TIGHAR has completed its contract with the U.S. Government Bureau of Land Management (BLM) to conduct an archaeological survey of the site of the 1948 crash of the Northrop YB-49 Flying Wing that killed Capt. Glen W. Edwards, for whom Edwards Air Force Base is named. 2002’s Introductory Course in Aviation Archæology and Historic Preservation and the Training Expedition focused on that site.
 

Saturday, October 5 through Wednesday, October 9, 2002

Aviation Archæology Course: Marriot Courtyard Hotel, Palmdale, CA

Field School: YB-49 crash site, Boron, CA

Richard Gillespie, Executive Director, TIGHAR
Roger Kelley, Senior Field Researcher
Special Guest Lecturer, Garry Pape, author of Northrop Flying Wings (Schiffer Publishing, 1995).
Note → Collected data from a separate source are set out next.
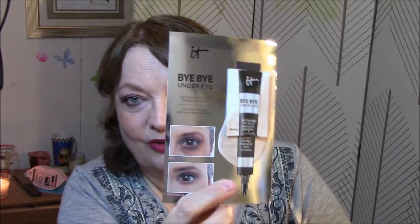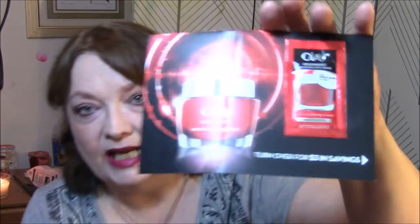Let me show you what I got for my samples. I got another Bye-Bye Under Eye, but I just noticed this is in medium, so I don't know how good it's going to be. And then I got an Olay Regenerist Visible Wrinkle Results — start day one — anti-aging micro-sculpting cream. And I will try that.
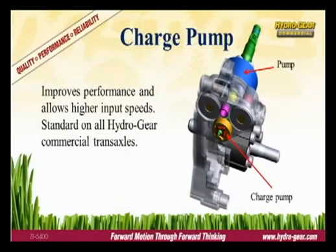A charge pump supplies supplemental oil to the pump, permitting higher input speeds and improving performance. It's a must for commercial mowers and is standard equipment on all Hydrogear commercial transmissions.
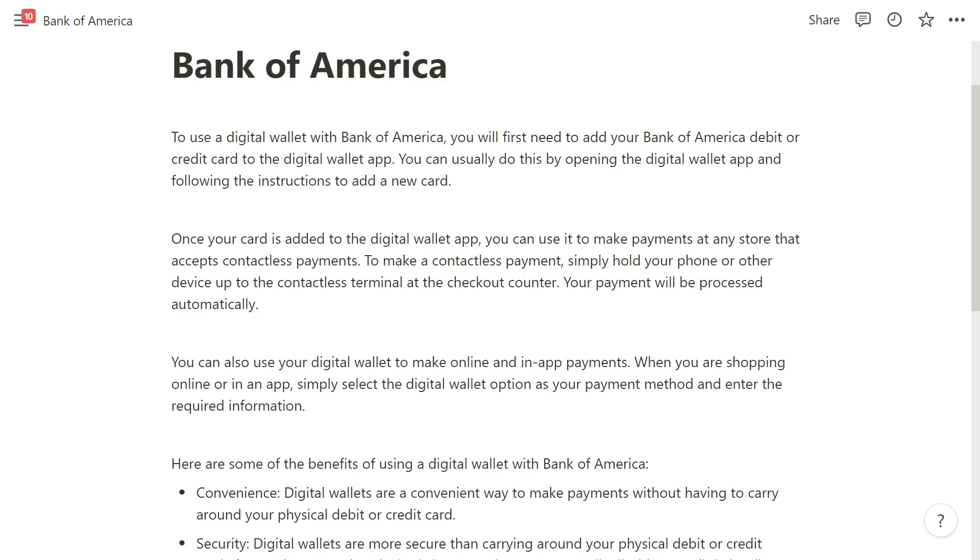You can also use your digital wallet to make online and in-app payments. When you are shopping online or in-app, you simply select the digital wallet option as your payment method and then enter the required information.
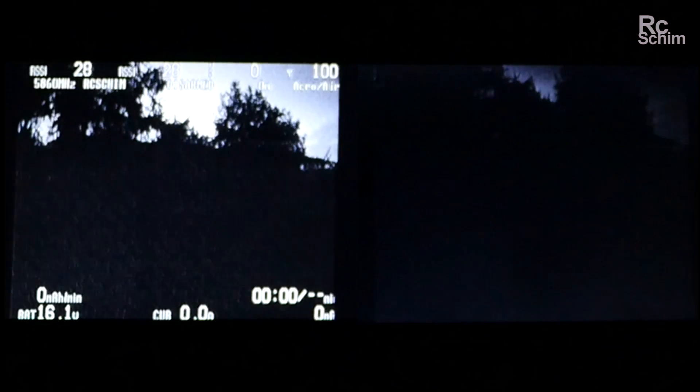In the total dark down in the woods there's no chance, but against the sky it's fine.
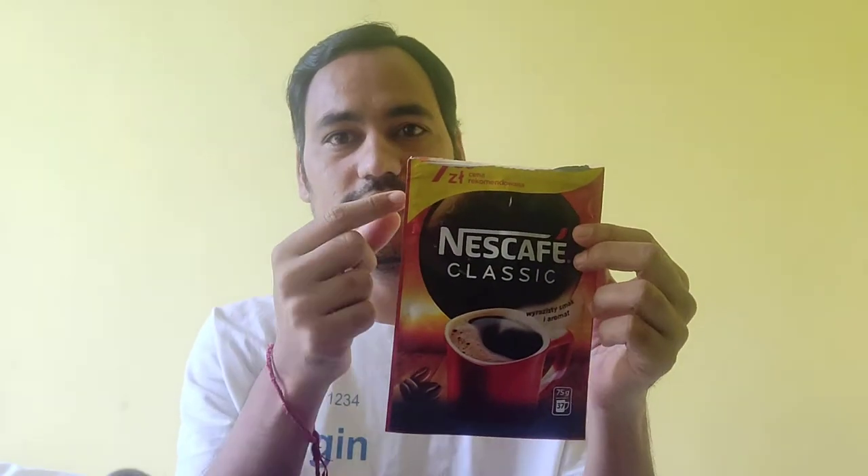So you can imagine how much you are losing by buying the jar. The jar cost me around 13 zlotties, and this pouch was listed at 7.99 — so about 8 zlotties — but when I bought it I was charged 8.49. That said, 8.5 zlotties versus 13 to 14 zlotties is about a 5 zloty difference.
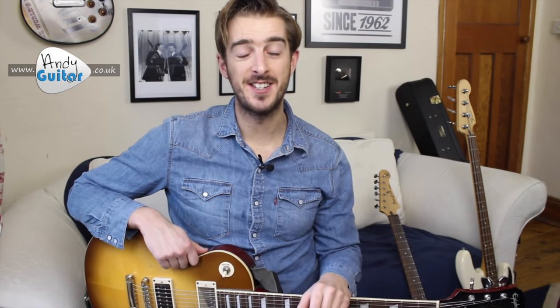Hi guys, my name's Andy and in this lesson I'm giving you a quick overview and a basic guide to guitar amplifiers — what to look out for and what all the controls do on the guitar amplifier that you may have.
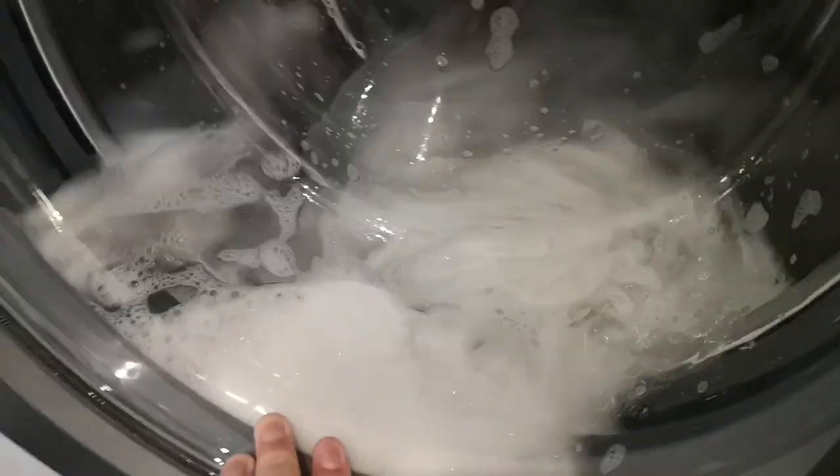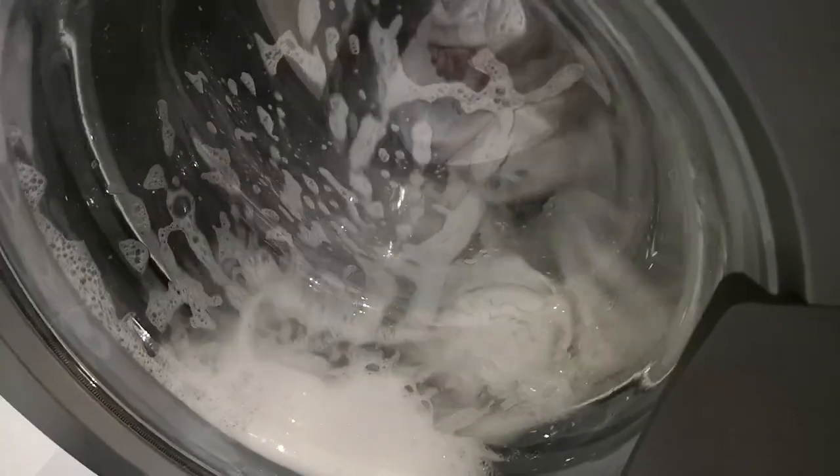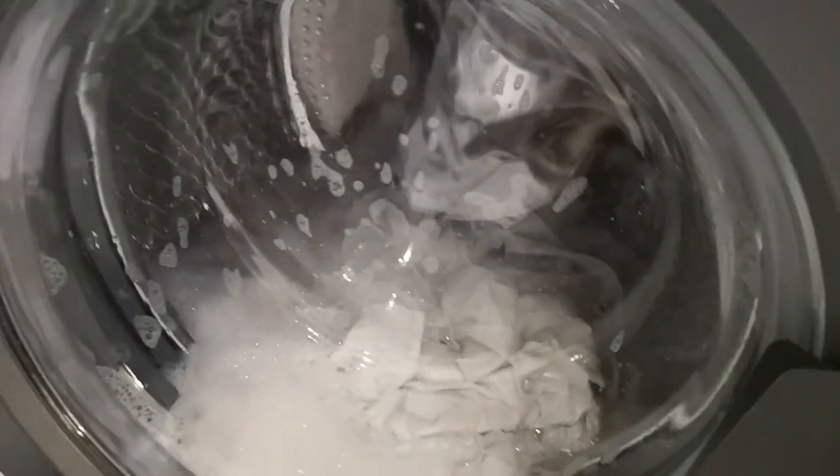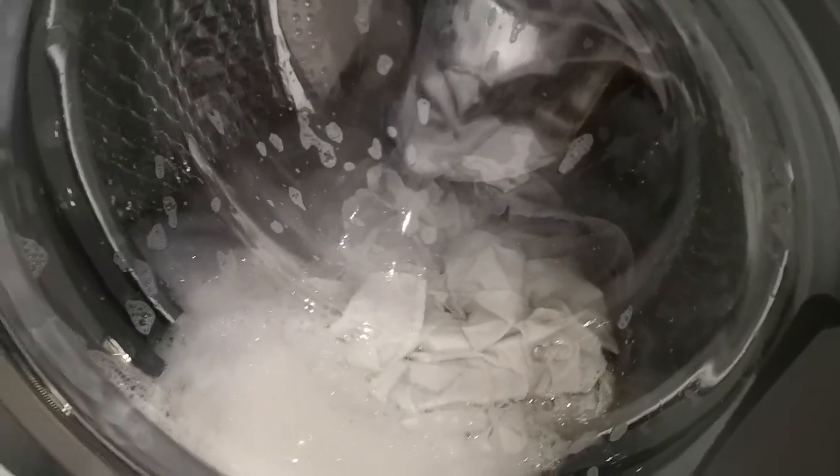That's literally all that's in there. In the next video I will do the door tab glitch, and if Bosch lad sees it, let me know if it has worked.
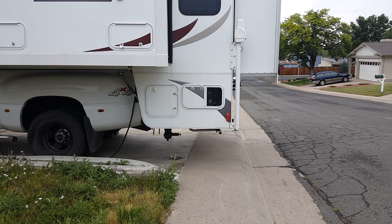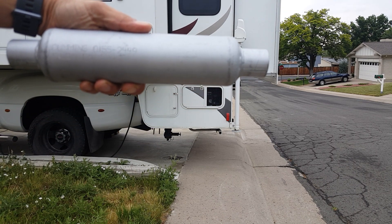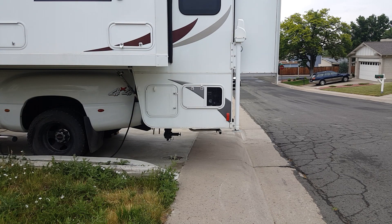Alright, this is a video for the Cummins Onan MicroLite muffler. It's actually a silencer, and we're going to be doing this at about 10 feet away so you can hear the sound difference.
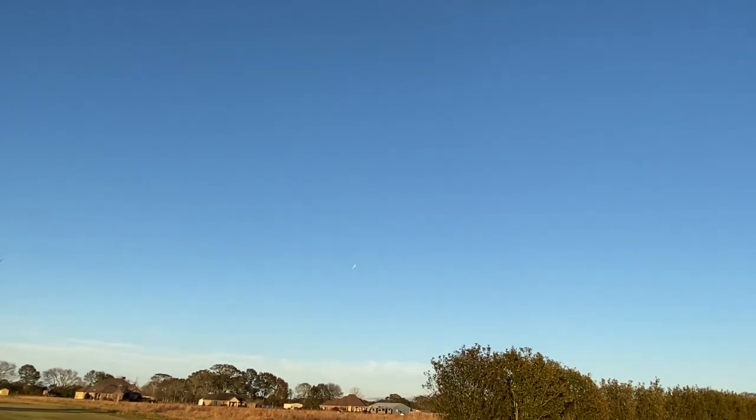Alright, let's see what it can do aerobatically. I kind of get bored when I just fly around with scale planes — sometimes I want to do some aerobatics.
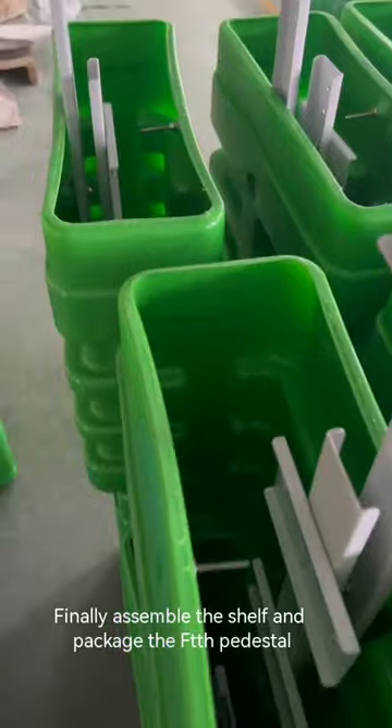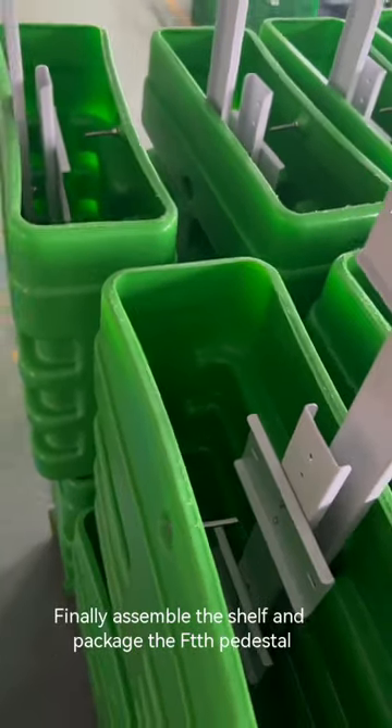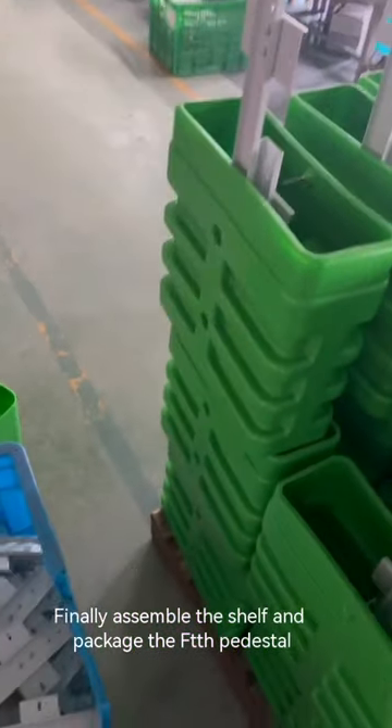Finally, assemble the shelf and package the FTH pedestal.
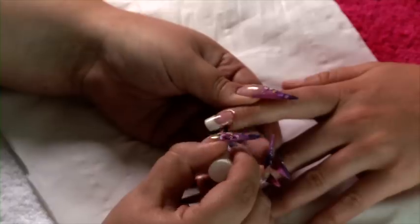The last thing we're going to do is apply a small amount of cuticle oil around the cuticle and massage it in. And that's your acrylic nail done.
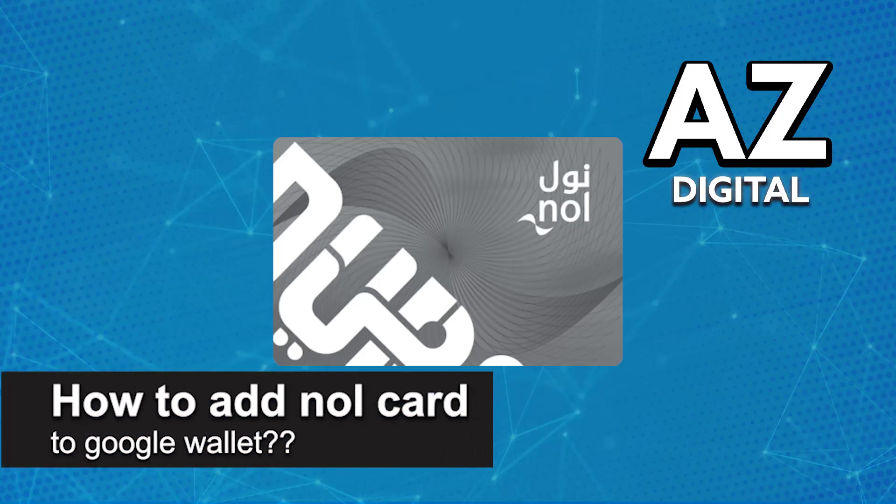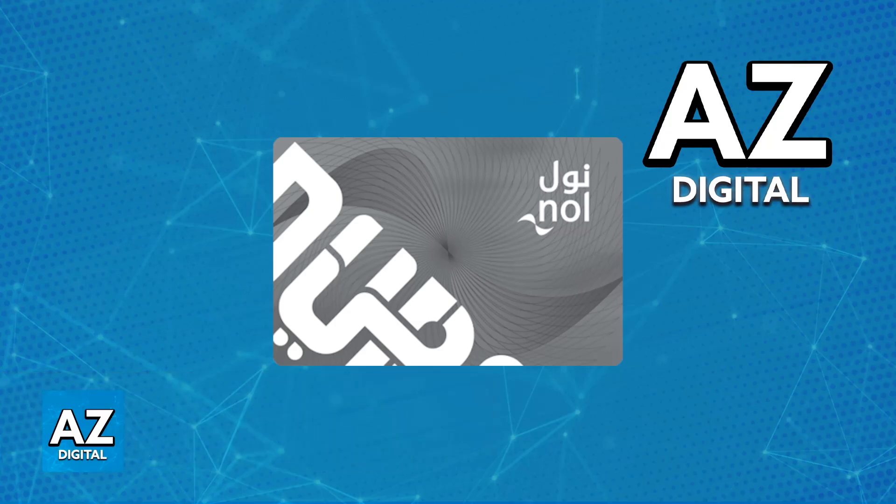In this video, I will solve your doubts about how to add NoCard to a Google Wallet and whether or not it is possible to do this. As you might be aware, a lot of cards, including transit cards and also any sort of payment cards such as debit or credit cards, can be added to digital wallets such as the Google Wallet for Android and the Apple Wallet for iOS.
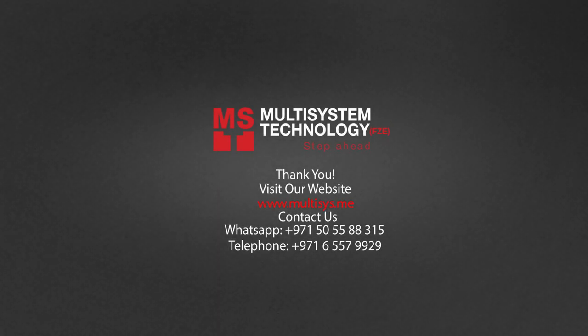For more information, visit our website at www.multisys.me. Like and subscribe to our YouTube channel.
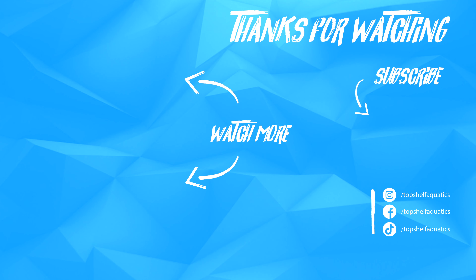Thank you for joining our Top Shelf Aquatics Coral Care Series. I'm David, and we'll see you in the next episode. If you enjoyed content like this, be sure to check out the rest of our Coral Care videos. And as always, be sure to like, comment, and subscribe. Follow us on Facebook and Instagram.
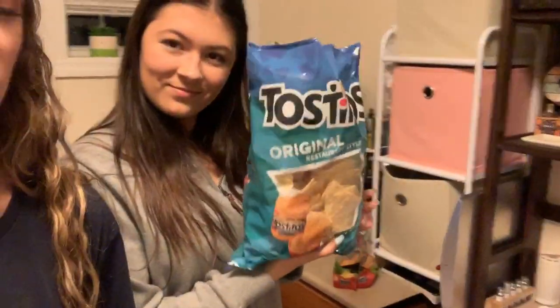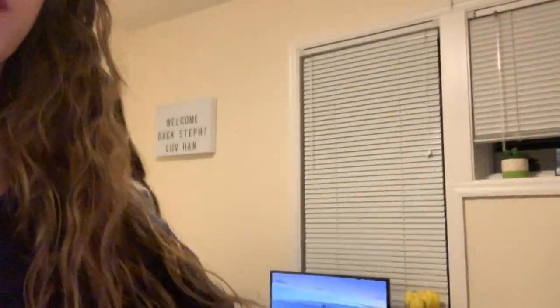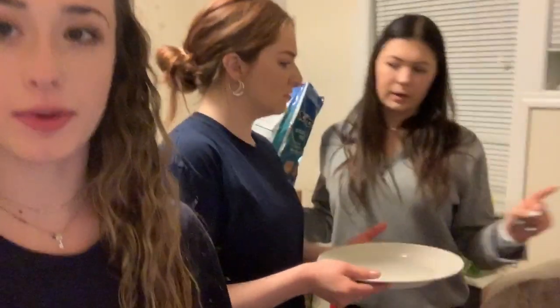So now we're going to make some nachos. Skye's supplying the bowl and the plate, Maddie's supplying the chips. I got some cheese, various kinds — we've got mild cheddar from Stop and Shop, Mexican style, and shredded mozzarella. We're going to make these and I'll let you know how they are.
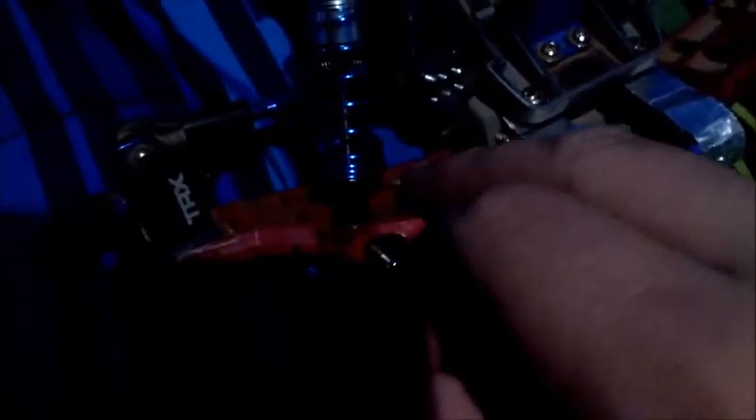You might have some trouble at first but just slip it in. See, right there — it's on. Then get the little screw, pass it through the hole, and that's how you put the shock right there.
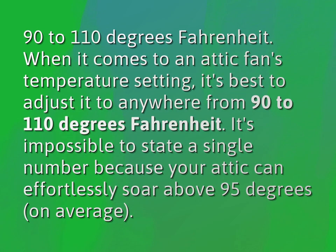When it comes to an attic fan's temperature setting, it's best to adjust it to anywhere from 90 to 110 degrees Fahrenheit. It's impossible to state a single number because your attic can effortlessly soar above 95 degrees on average.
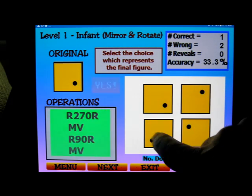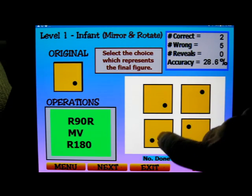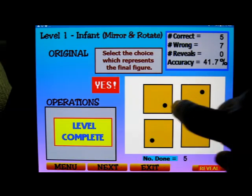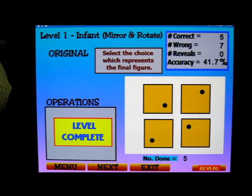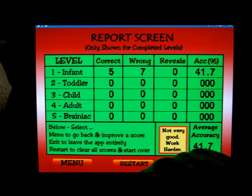I'll take a guess on the next one and we're down to 40%. I'll just fill in this level — there we go, level complete. We can go to the next level or exit. If I hit exit we get a report screen which shows us how we did and gives us the overall average accuracy. Not very good — work harder!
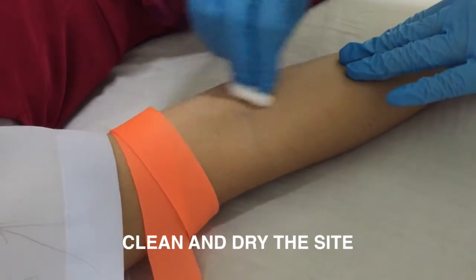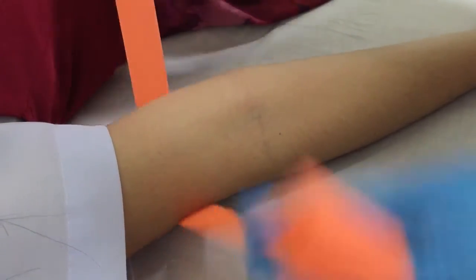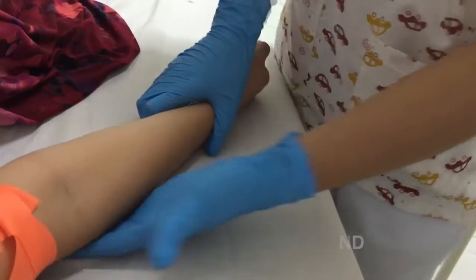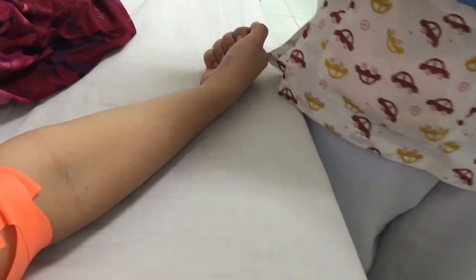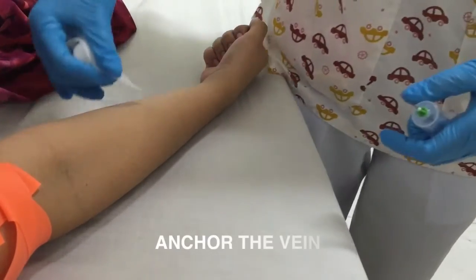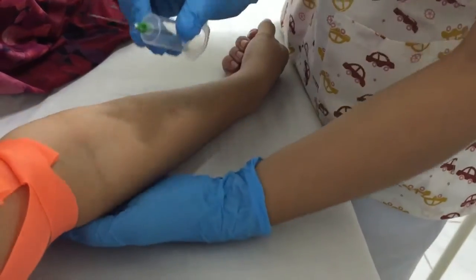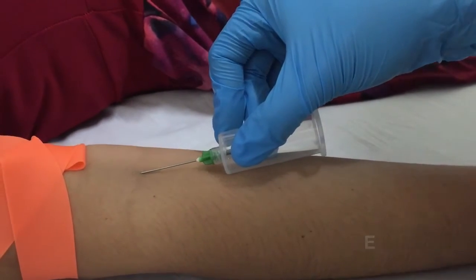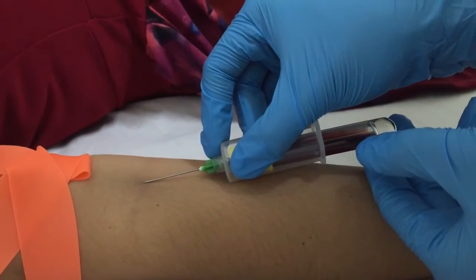Clean and dry the site — clean with an alcohol pad and let it dry for 30 to 60 seconds. Have the patient close their hands and ask the patient to make a fist — never have the patient pump their fist more than 1 or 2 times. Anchor the vein using only the thumb or index finger. Perform the venipuncture by inserting the needle in bevel-out position at 30 degrees or less.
Everyone who completed the Course and Field School received the “C” and “E” certifications to their TIGHAR member number. These certifications are prerequisites for any TIGHAR member wishing to be considered for the Niku V expedition team. Participants were:

Amanda Dunham, 2418CE Jerry Kobbeman, 0474CE Don Mayborn, 1372CE
Jon Overholt, 2457 CE Valerie Salven, 2543 CE Karin Sinniger, 2485CE
  Michael Zuschlag, 2386CE  

We worked and camped for two days and two nights in the high desert. It was very hot during the day and quite chilly at night. Meals were delicious MREs (military Meal, Ready to Eat). There was no need to hike to the camp site but the survey work involved considerable exploration for scattered aircraft components (the aircraft broke up in flight). We shared the desert with its customary residents, including rattlesnakes and scorpions, but everyone worked well and safely and a good time was had by all.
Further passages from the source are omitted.